Anno 1940 kon je als architect worden verguisd onder vakgenoten omdat je het durfde gebogen lijnen, krullen en andere versierselen op te nemen in je gebouwontwerp. Het overkwam Sybold van Ravesteijn (1889-1983): hij werd versleten voor decorateur en zijn werk werd afgedaan als neo-barok omdat hij het durfde om zonder reden gekromde wanden, gebogen traptreden en golvende balustrades te maken in plaats van rechte. Het is een groot contrast met de huidige tijd, waar architecten als Gehry, Hadid en MAD hip zijn juist omdat ze zich weten te bedienen van een grote vormvrijheid. Je hebt inmiddels wat uit te leggen als je niet wat jus over je gebouwontwerp uitschenkt, of als je gebouw niet letterlijk op uitgegoten jus lijkt. Zo bezien is Van Ravesteijns oeuvre, met als prominent onderdeel Diergaarde Blijdorp (1940) een voorbeeld van velen.
Spoorwegarchitect
Dat van Ravesteijns werk vaak onderwerp was van kritiek, kwam deels omdat hij tijdens zijn ruim 40-jarig dienstverband bij de Nederlandse Spoorwegen de kans had gekregen om een groot aantal stations en andere spoorgebouwen te realiseren. Voorbeelden zijn de stations van Nijmegen, Rotterdam-Noord en de inmiddels alweer afgebroken stations Rotterdam Centraal en Utrecht Centraal. Zijn werk stond daardoor voortdurend in de belangstelling en vanwege de steeds expressievere vormgeving was het een welkom onderwerp voor discussie.

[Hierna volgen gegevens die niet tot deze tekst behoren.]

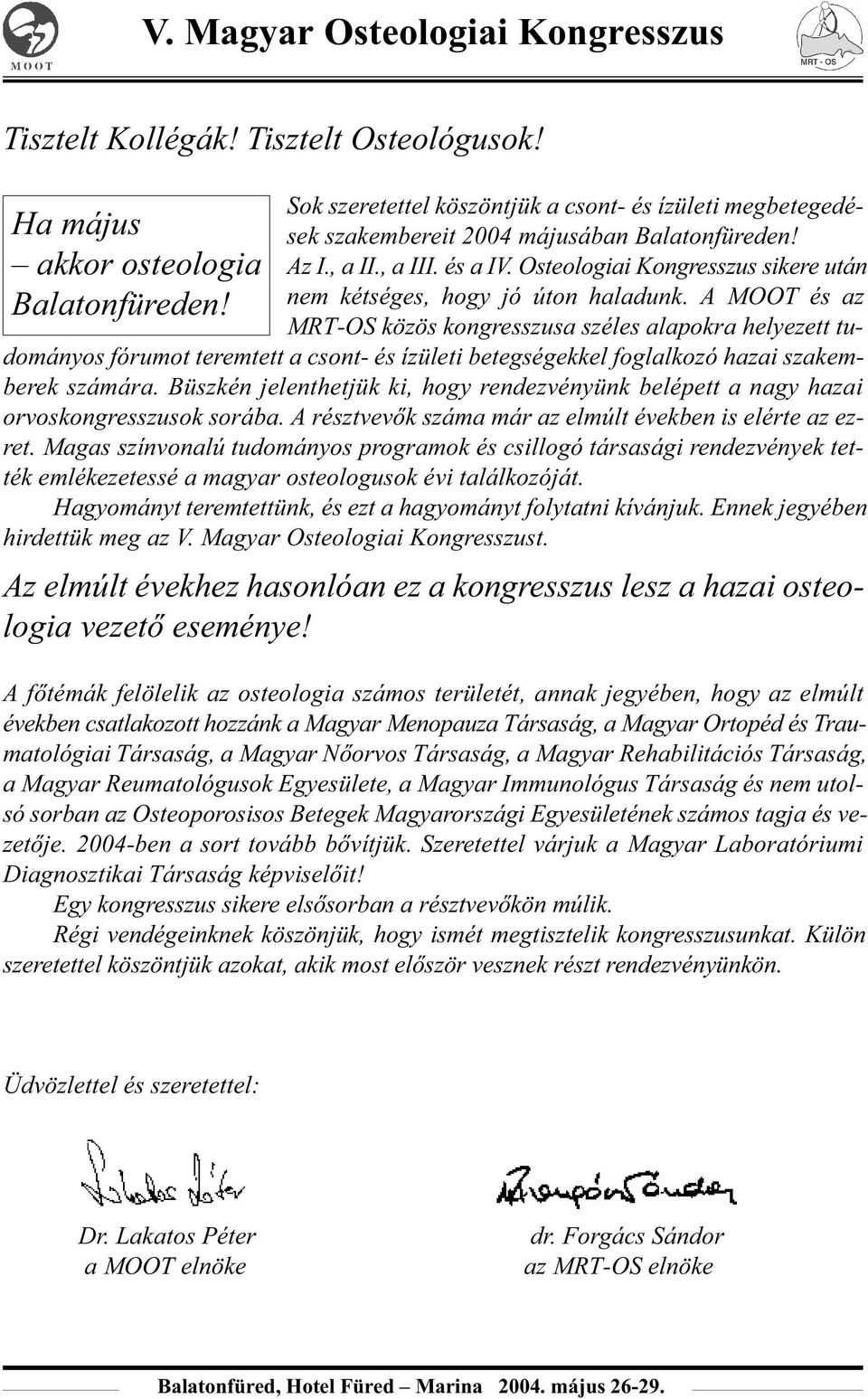 A MOOT és az MRT-OS közös kongresszusa széles alapokra helyezett tudományos fórumot teremtett a csont- és ízületi betegségekkel foglalkozó hazai szakemberek számára.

Ook de opdracht voor Diergaarde Blijdorp had Van Ravesteijn via connecties bij de Spoorwegen verkregen. De sinds 1857 in het centrum van Rotterdam gevestigde diergaarde voldeed niet meer aan de eisen met betrekking tot het dierenwelzijn en zat de ontwikkeling van het Rotterdamse stadshart in de weg. Vandaar dat besloten werd te verhuizen naar een nieuwe locatie, in de toen nog halflege Blijdorp-polder. Enkele bestuursleden van de dierentuin waren óók verbonden met de Spoorwegen en droegen ‘hun’ stationsarchitect voor voor het dierentuin ontwerp. Een droomopgave, die Van Ravesteijn met beide handen aanpakte.
Dierentuin
Hoe ontwerp je een dierentuin? –Als type heeft de opdracht raakvlakken het museum: bij beide ontwerpopdrachten moet worden gebalanceerd tussen het zo rationeel mogelijk ordenen van een collectie en het bieden van de ervaring van weg te zijn van het alledaagse. Terwijl de focus tot de Tweede Wereldoorlog ligt op het ordenen, verschuift deze gedurende de tijd naar het bieden van een sterke ervaring.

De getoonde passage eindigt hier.